LoRA & QLoRA

In one line: LoRA freezes the giant model and trains two tiny matrices "alongside" each weight so you update <1% of the parameters and still change the behaviour — and QLoRA shrinks the frozen model to 4-bit so the whole thing fits on a single GPU.

In plain English

Imagine a finished oil painting (the trained model). Full fine-tuning means repainting the whole canvas — expensive and risky. LoRA is painting your changes on a thin sheet of transparent overlay you lay on top: the original is untouched, your overlay is tiny and cheap, and you can peel it off or swap a different one in. QLoRA goes further: it photographs the original at lower resolution (4-bit) so it takes up far less space on your desk, then you paint your overlay on top of that.

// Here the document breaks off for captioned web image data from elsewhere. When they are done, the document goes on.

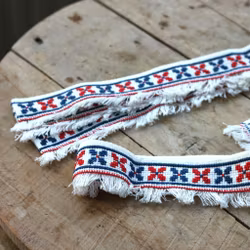 Hyllbård - Bård i rött och blått på vit väv.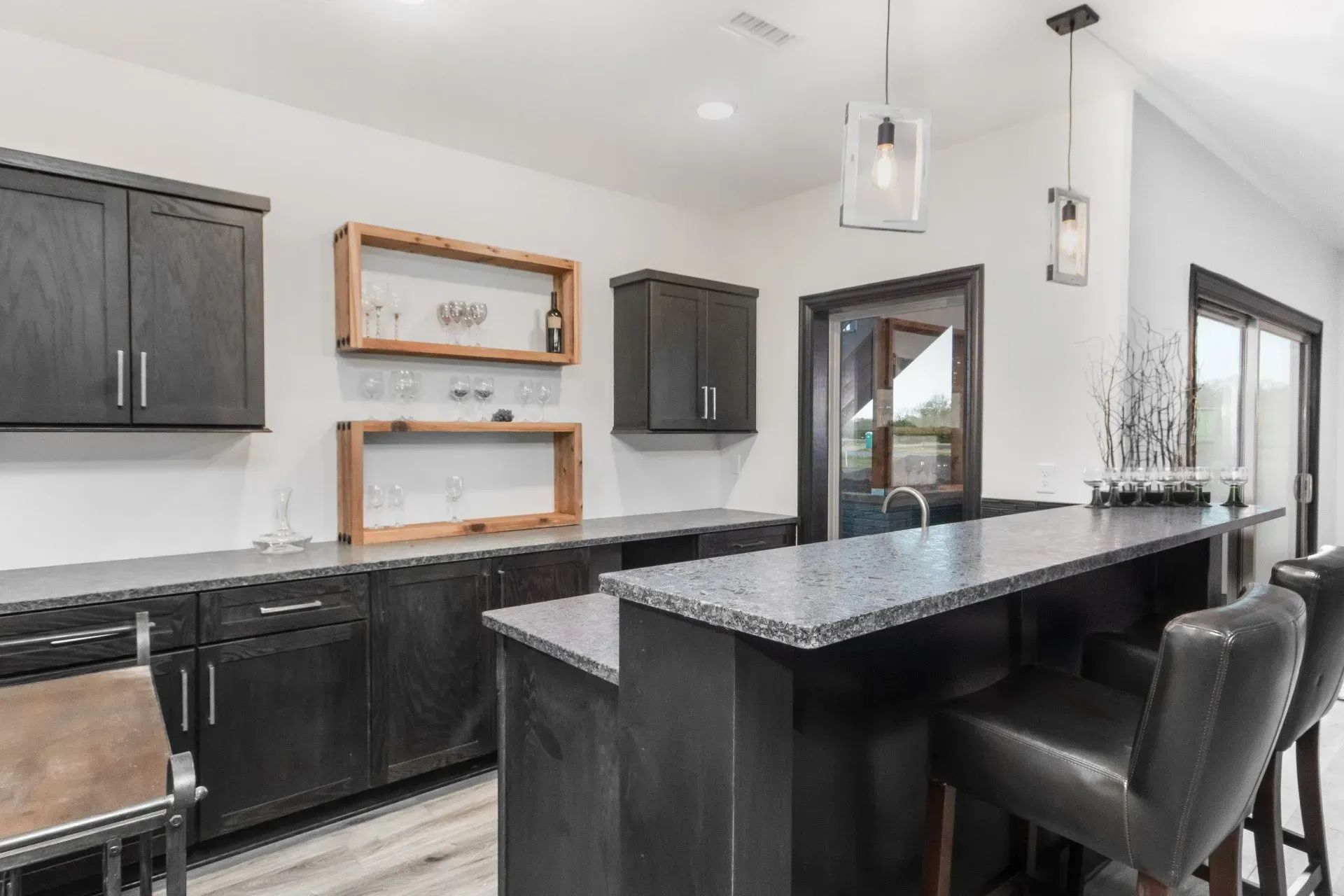 Modern kitchen with black cabinets, marble island, and black bar stools in a bright interior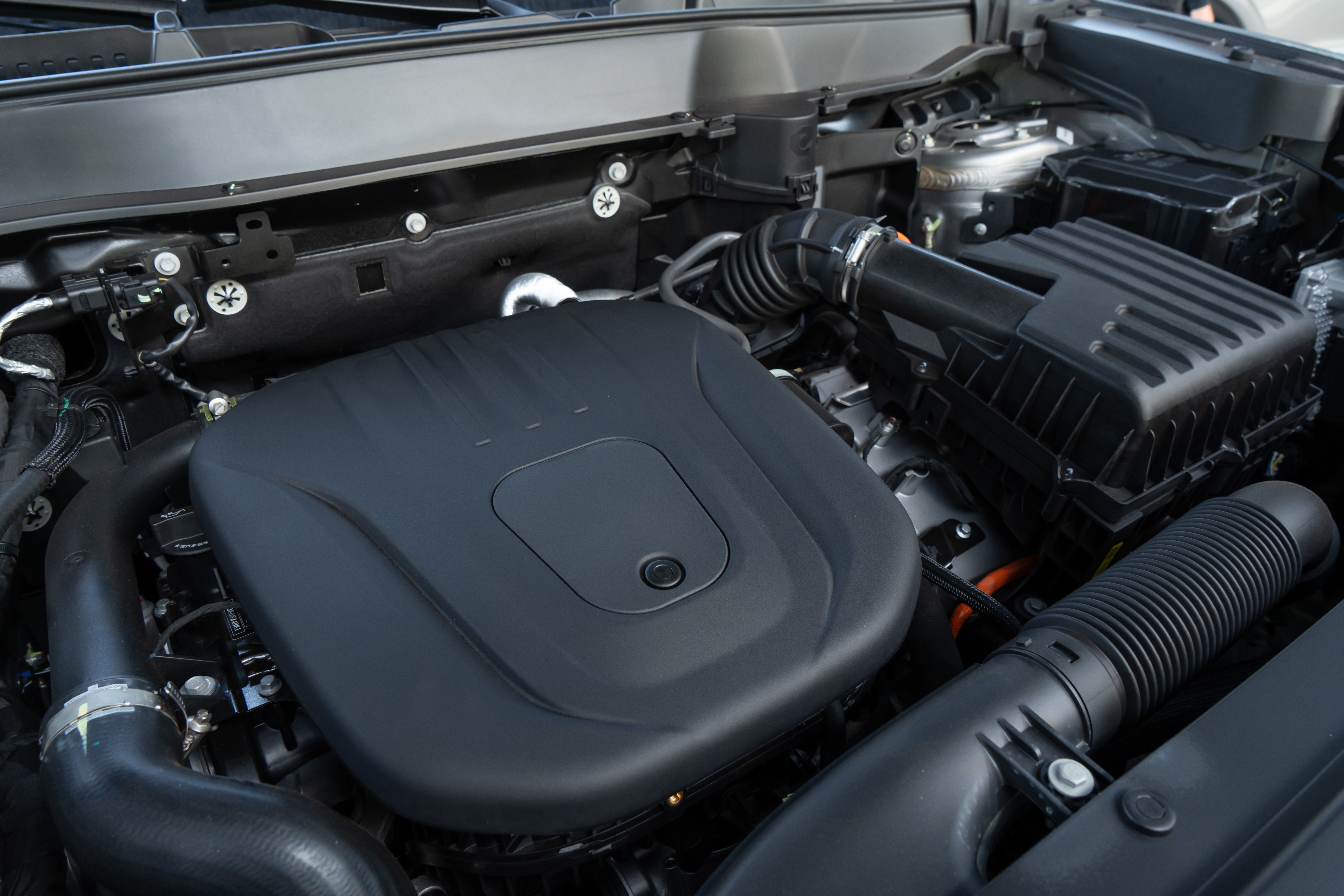 Vista superior do motor de um carro, com a tampa do motor preta e lisa no centro. Ao redor, tubulações, fios e componentes mecânicos em tons escuros, com detalhes prateados e alaranjados, indicando um veículo moderno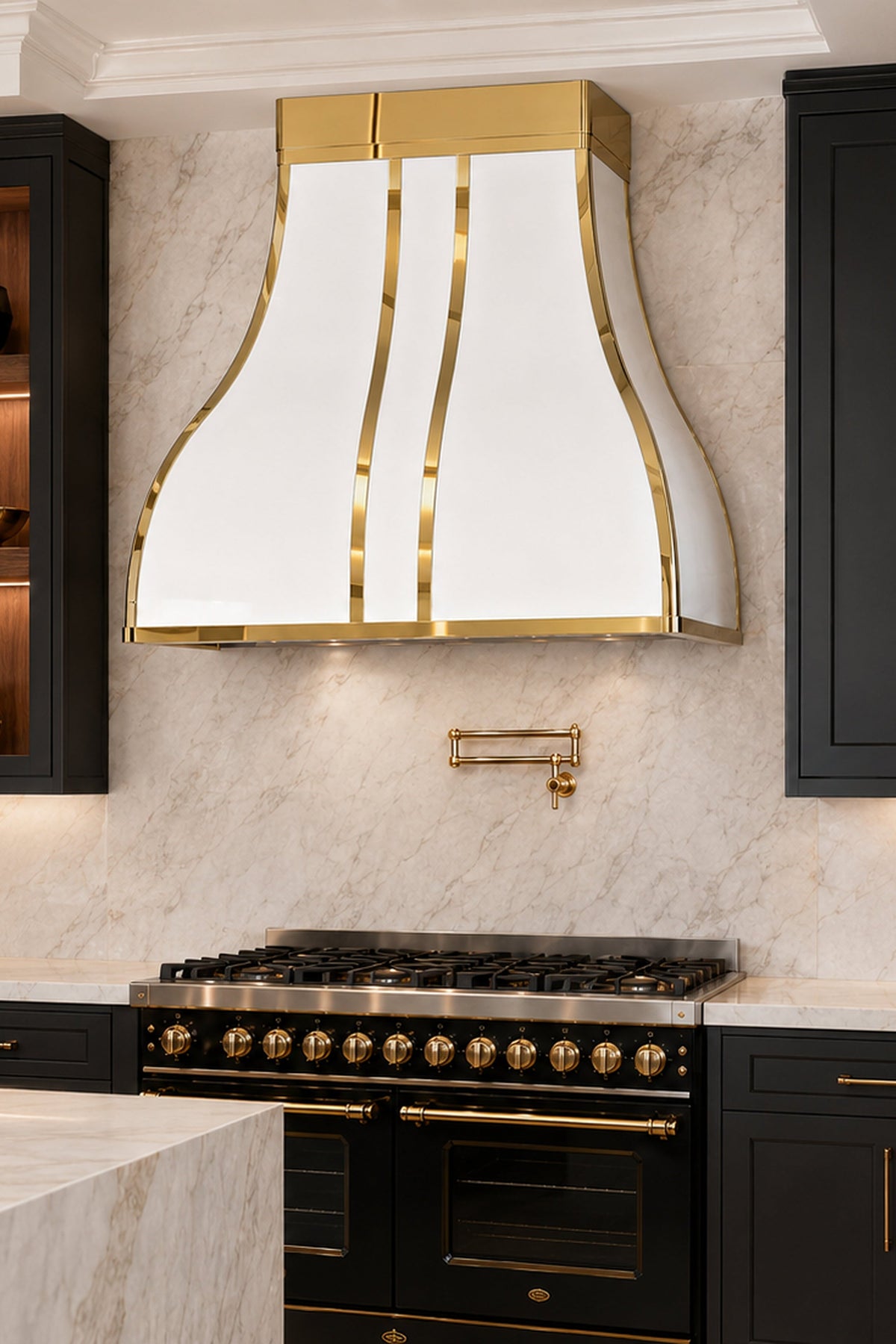 A luxury kitchen interior featuring a white and gold range hood mounted above a black gas range and oven, set against a light marble backsplash with black cabinetry and gold handles.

The magic is that a surprisingly thin overlay is enough to teach the model a new behaviour.

The core idea: low-rank adapters

A model is full of big weight matrices. Full fine-tuning changes every number in them. LoRA (Low-Rank Adaptation) makes a bet that pays off: the change you need to make is "low-rank" — it can be approximated by multiplying two skinny matrices together.

Instead of updating a weight matrix W (size d × k), you freeze W and learn a small update ΔW = B · A, where:

A is r × k (skinny)
B is d × r (skinny)
r (the rank) is tiny — often 8, 16, or 32.

At inference, the model uses W + ΔW. During training, only A and B get gradients; the billions of numbers in W never move.

Why this works: adapting a model to a narrow task doesn't require rich, full-rank changes everywhere — a low-rank nudge captures most of the needed adjustment. Empirically, LoRA matches full fine-tuning quality on most tasks while training a fraction of a percent of the weights.

The parameter math (why it's so cheap)

For one matrix of size d × k:

Full fine-tuning trains d × k parameters.
LoRA trains r × (d + k) parameters (matrix A has r·k, matrix B has d·r).

Take a typical 4096 × 4096 projection with rank r = 16:

Full:  4096 × 4096                = 16,777,216  params
LoRA:  16 × (4096 + 4096)         =    131,072  params   ->  ~0.8% of full

That ratio is why LoRA adapters are megabytes, not gigabytes, and why you can train on one GPU.

⌨️ Challenge — practice (not graded)

Write loraParams(d, k, r) — return the number of TRAINABLE parameters a single LoRA adapter adds for a weight matrix of size d×k at rank r. Remember: matrix A is r×k and matrix B is d×r, and you train both. Return a single number.

Rank and alpha — the two knobs

Rank r = the capacity of the adapter (how much it can change).

Small r (4–8): cheapest, enough for simple style/format tweaks.
Medium r (16–32): the common sweet spot for most tasks.
Large r (64+): more capacity, more memory, more overfitting risk — only if evals say you need it.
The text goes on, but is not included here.